Unusual base composition of templates

Some templates have an unusual abundance of certain bases. They may, for example, be very rich in GC or AT. Alternatively they may contain homopolymeric regions, where only a single base is present or repeat sequences of certain bases. All of these characteristics can present problems. AT-rich templates can make it very difficult to design primers with the desired characteristics (see primer design), whilst GC-rich templates are often very difficult to sequence satisfactorily because the Taq polymerase has great difficulty separating the strands of DNA once they anneal together.
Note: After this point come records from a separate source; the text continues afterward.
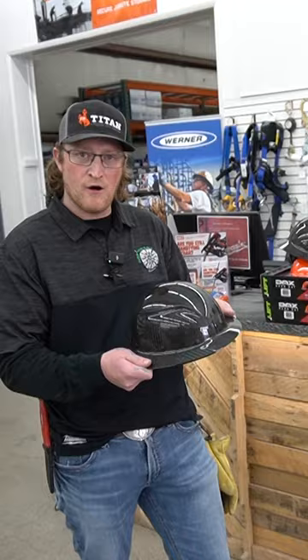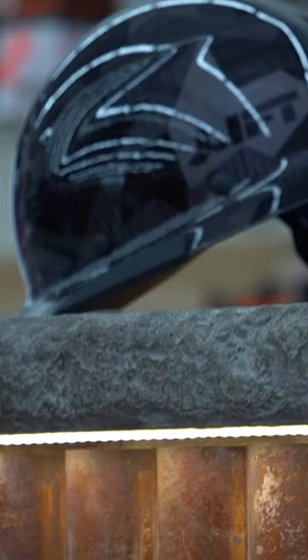Hey guys, Stone with Northwest Contractors here, showcasing the Lyft Dax Carbon Fiber Hard Hat. With these Carbon Fiber Hard Hats, they're stronger than steel being carbon fiber, and they're lighter than your standard plastic hard hat.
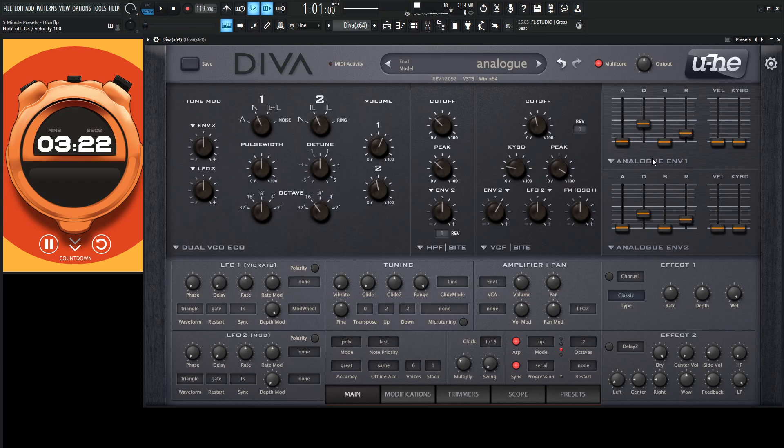So we have our bass sound here, let's add some cool effects and really spice this bad boy up. Let's turn on some chorus. Maybe some delay as well.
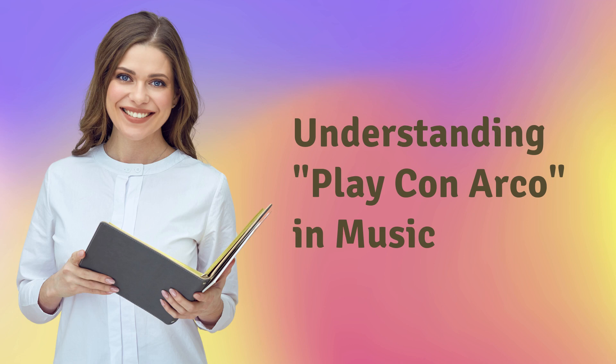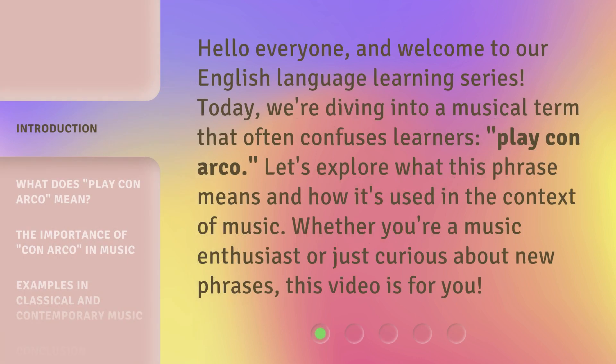Understanding play con arco in music. Hello everyone, and welcome to our English language learning series. Today, we're diving into a musical term that often confuses learners: play con arco. Let's explore what this phrase means and how it's used in the context of music. Whether you're a music enthusiast or just curious about new phrases, this video is for you.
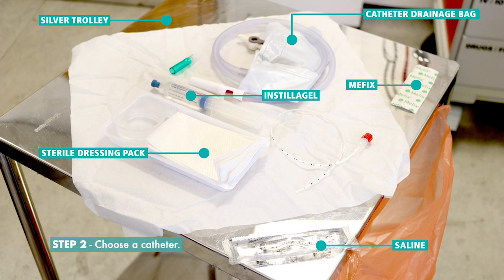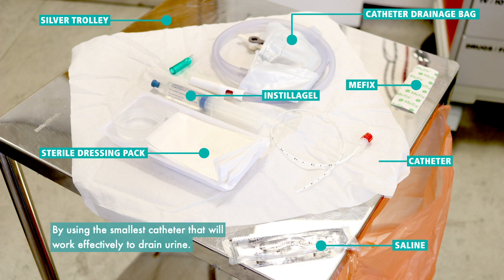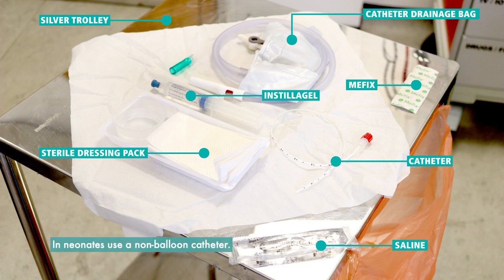Step 2: Choose a catheter, using the smallest catheter that will work effectively to drain urine. In neonates, use a non-balloon catheter, and use a catheterization guideline to size according to age and weight.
Any secondary structures within a single strand also tend to be much more difficult for Taq to polymerise through. Altered reaction conditions can help (e.g. increased denaturation time/temperature and the inclusion of compounds that destabilise base pairing such as DMSO at 5-10%) as can subcloning out smaller regions of the DNA. Homopolymeric regions of sequence are very difficult for Taq to read through accurately, since it tends to "slip" in such areas and miss out bases. This then results in a classical double sequence as described above. Long PolyA tails on cDNA clones are often a cause of this type of artefact.